Your goal:
Every line of the data below must be output exactly, with images left out.

Data below:
::::

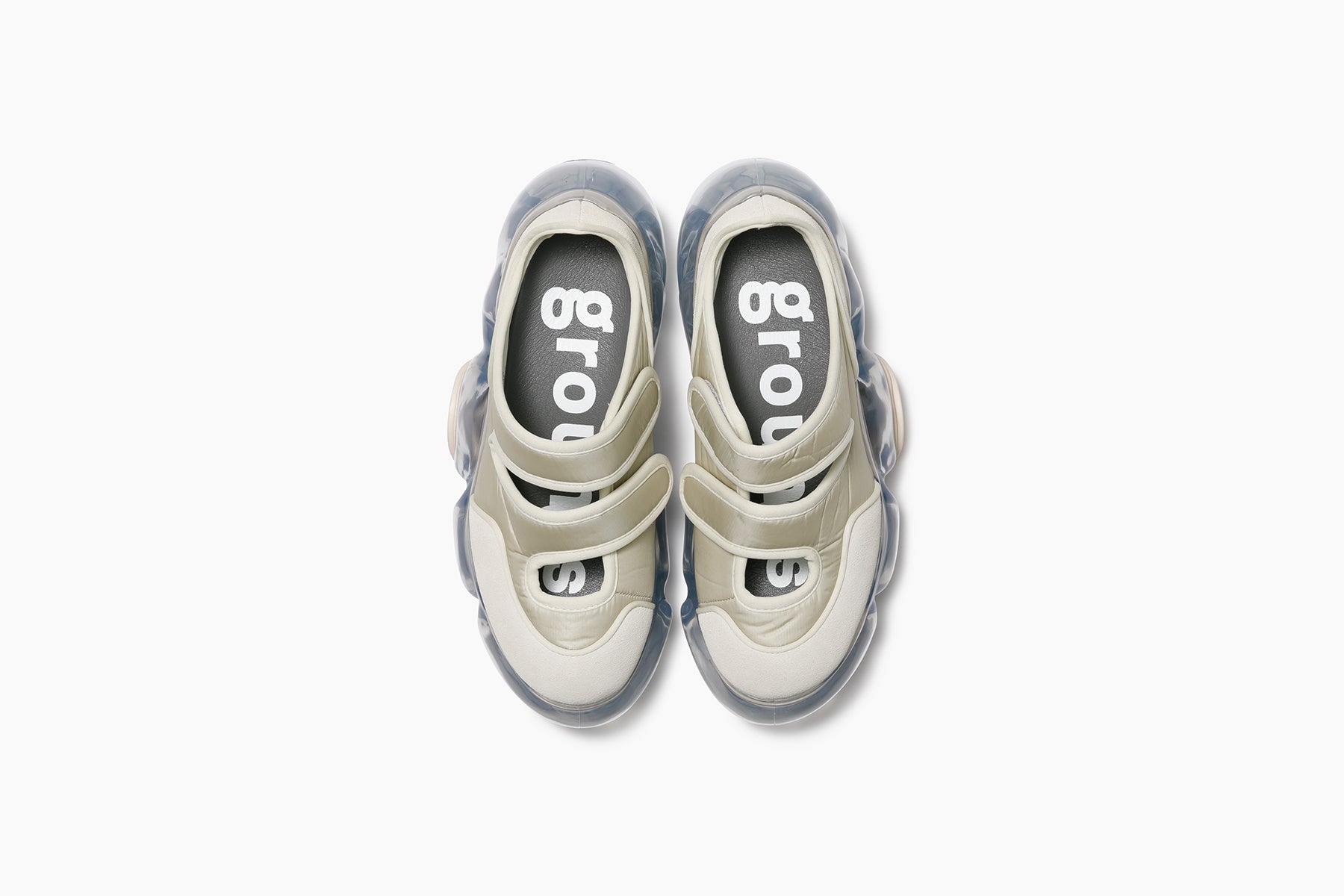 grounds MOOPIE MARTINA CREAM / ICE GRAY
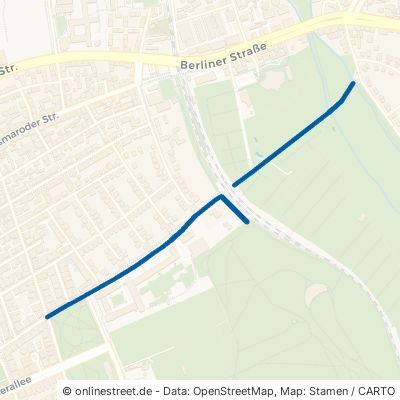 Grünewaldstraße Braunschweig 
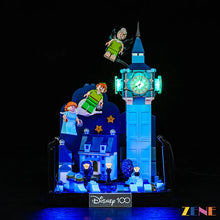 Load image into Gallery viewer, Light Kit for LEGO Peter Pan &amp; Wendy's Flight over London #43232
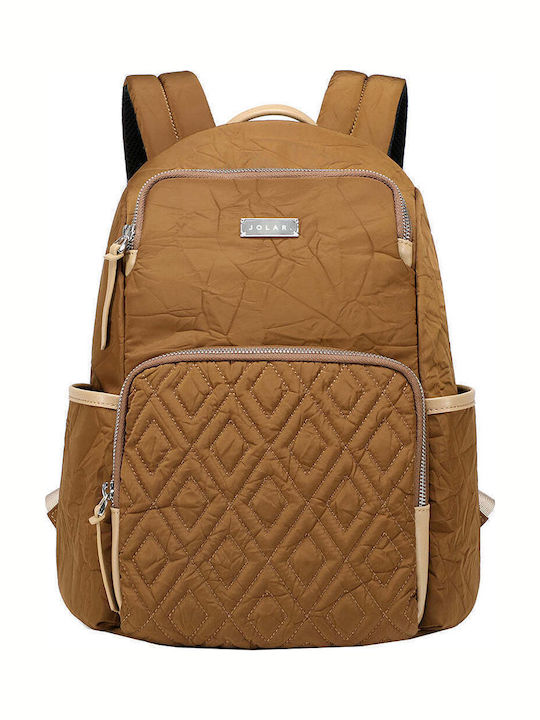 Jolar Backpack Αδιάβροχο 15lt Καφέ Jolar Backpack Αδιάβροχο 15lt Καφέ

::::

Finished task:
 grounds MOOPIE MARTINA CREAM / ICE GRAY
 Grünewaldstraße Braunschweig 
 Load image into Gallery viewer, Light Kit for LEGO Peter Pan &amp; Wendy's Flight over London #43232
 Jolar Backpack Αδιάβροχο 15lt Καφέ Jolar Backpack Αδιάβροχο 15lt Καφέ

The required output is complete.